Once the .cal file is ready... it will be available for download on the Downloads page.


----------



## brucek

> In the meantime you can use the CM-140 as is and be fairly close.


By checking the C-Weight box in REW of course....... 

brucek


----------



## Ilkka

brucek said:


> By checking the C-Weight box in REW of course.......
> 
> brucek


Well actually...it was ~7 dB high @ 10 Hz with the C-weighting checked, and ~7 dB low without it. Pick your poison. :surrender:


----------



## Sonnie

You could use the ECM8000 .cal file with no C-Weighting and be almost there.

ecm8000.cal


----------



## Ilkka

Sonnie said:


> You could use the ECM8000 .cal file with no C-Weighting and be almost there.
> 
> ecm8000.cal


True. Assuming your current calibration for the ECM8k is accurate, you'd be less than 2 dB off @ 10 Hz which is more than enough accurate for most in-room measurements.


----------



## Sonnie

> Assuming your current calibration for the ECM8k is accurate


Yeah... I hope it is because we've been using it for quite a while to calibrate against. I think Kim does a good job from what I've been told... and if you remember yours and my mic are almost spot on. But we will know for sure here pretty soon... either way.


----------



## Ilkka

Sonnie said:


> Yeah... I hope it is because we've been using it for quite a while to calibrate against. I think Kim does a good job from what I've been told...


I don't doubt that at all. 



> and if you remember yours and my mic are almost spot on. But we will know for sure here pretty soon... either way.


My mic? I've never had an ECM8000. My mic is recommended by the ETF Acoustics and it's only ~0.6 dB off at 10 Hz without a calibration file. :bigsmile:


----------



## Sonnie

Exactly... but when we both provided calibration files for one of the RS meters a while back... you might remember we were spot on, except at one frequency I believe. This would indicate that mine must be pretty accurate.


----------



## Geoff Gunnell

Thanks for taking your time and money to re-reference your mic to a physical standard before calibrating others' equipment from it, Sonnie. It's the right thing to do. It's also kind of an honor, I think, to transfer a standard of measurement. We know in advance that we cannot get it exactly right, but we have the courage to try anyway


----------



## tweakophyte

Hi-

Yes, thanks for spending the extra bucks to make sure your mic is "perfect" so _our_ mics will be.  I'm glad I got in on the buy. It's laying the groundwork for my next investment into my HT, too.


----------



## Sonnie

It is my honor to do so... I want nothing less than as good as I can provide for everyone... :T


----------



## Eric_RP

Sonnie said:


> Secondly and most assuredly something that will excite several of you... my ECM8000 is going to be calibrated down to at least 5Hz. Once it is returned, I will hopefully be able to provide you with a calibration file to 5Hz or lower for the CM-140.

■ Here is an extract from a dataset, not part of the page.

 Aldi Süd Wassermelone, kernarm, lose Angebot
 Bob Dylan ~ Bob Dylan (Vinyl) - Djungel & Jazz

 This is awesome Sonnie. :T Thanks much for doing this! Can't wait to get it and put it to use.

Eric


----------



## ifeliciano

Thanks Sonnie !!


----------



## nerdful1

Are you having the high end done, and above 8khz? Now I think I should have bought a 140 instead of getting my RS charted...Jim


----------



## Sonnie

The initial plans are to provide a calibration file for the bass region. I will provide some measurements full range, but I'm not sure anyone is going to be up to the task to complete a calibration file for it. It would be a fairly gruesome task IMO.


----------



## Vader

Sonnie,

I have always read that the Rat Shack meter is 2 to 3 dB low when using the pink noise on DVE to calibrate (ie. when the meter reads 72 dB it is actually about 75 dB). Does the Galaxy meter need a similar correction factor?


----------



## Sonnie

I'm not sure how anyone could qualify that correction. Your response is not perfectly flat and the SPL meter is going to read the highest peak in your response when that pink noise is playing. If that peak is at 500Hz, then neither meter is really going to need any correction, yet if it were at 20Hz it would... but with pink noise how can you tell where the peak is unless you have an RTA. I think most of the time we see peaks down low in the 30Hz to 60Hz region. With the old RS meters it could mean anywhere from 2db - 7db of correction, with the newer RS meters it could mean from .5db - 2db and with the CM-140, it would not need any at all in that region. So ultimately, I would say you would not need to perform any corrections to the CM-140 for pink noise.


----------



## Vader

Sonnie,

Ron had me use that correction when we were trouble-shooting my first cylinder last year. He had me run several tests using both my AVR test tones and DVE (which is 10dB hot on the sub test). When I reported the results of the sub tests, I thought they were all 2-3 dB low, but Ron said they were spot-on, because of this correction. Based on this, I calibrated the subs to "flat" with respect to the meter, so it would really be 2-3 dB hot (or so I understood).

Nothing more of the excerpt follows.